Gülmekten kendimi alıkoyamadığım ve bazen "kıkır kıkır" efektler sunmama neden olan –ki sanal ahiret oyunu beni ciddiyetsizleştiriyor- en "tehlikeli sahneler", cennet ve cehennem için isim listesi programları olmuştur. Bu sanal ahiretteki programlarda -basit bir kamera sahibi olan ve kayıtları özellikle Youtube’ye düşürebilen beceride olan- "amel defterlerini dağıtan melekler" havasında kalan kişiler, isimler vererek kimin kâfir, sapık ve cehennemlik olduğunu açıklıyorlar.

Bir bakıyorsunuz ki kendine "selefi melekler" sıfat ve edasını takınıp liste asanları görüyorsunuz; bir de bakıyorsunuz o listeyi yırtarak listeyi asanların da içinde olduğu karşı amel defteri dağıtma programı başlatılıyor. Dağıtılan bu sanal amel defterlerine yapılan "yorumlar" ise -söz hakkı ile not düşenlerin durumu yani- başlı başına bir cennet-cehennem analizi gerektirecek seviyede sürüyor.

Perde aralanıyor

Ahiret ile ilgili "önceliği olan" kelimelerden biri de "mahrem" kelimesidir. Yani "yasak ve yasaklanan" anlayışı inşa eden kelime…

Kültürümüzde bu kelime, "perde" ile betimlenmiştir. Modern zamanlarda yanaşık düzendeki binaların "pencere komşuluğu" da yanaşıktır. Perdeyi açık bırakmak, rahatlığı veya perdelemeyi önemseyen anlayış içinde özellikle "çıplaklık ve perde ilişkisi” içinde ters orantılı kurgulanmıştır.

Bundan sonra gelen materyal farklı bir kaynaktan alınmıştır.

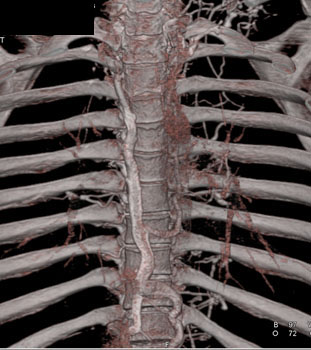 cardiac 64 mdct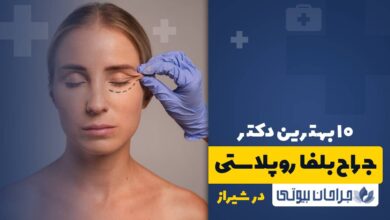 10 بهترین دکتر جراح بلفاروپلاستی در شیراز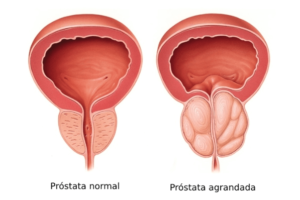 Problemas de la Próstata y Cómo Tratarlos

Perde, aslında “kişisel alan, mesafe koymak, değerli kılmak, izne tâbi kılmak” gibi özel ve nitelikli bir "çizgi"yi de içerir. İşte sanal dünyanın ilk adımı da bu çizgiyi silmektir. Dolayısıyla sanal dünyanın doğasında sadece "sınırsızlığı" değil, aynı zamanda "çizgisizliği" de getiren bir baskı söz konusudur. Sanal dünyada perdeleme –şifrelemek, koruyuculuk, izin, kayıtlılık ve üyelik gibi- imkânı da var ve geliştiriliyor. Ancak bu, "kişiye özel" bir parkur olarak kalıyor. Çünkü esas olan, "perdesiz pencereler" sistemi…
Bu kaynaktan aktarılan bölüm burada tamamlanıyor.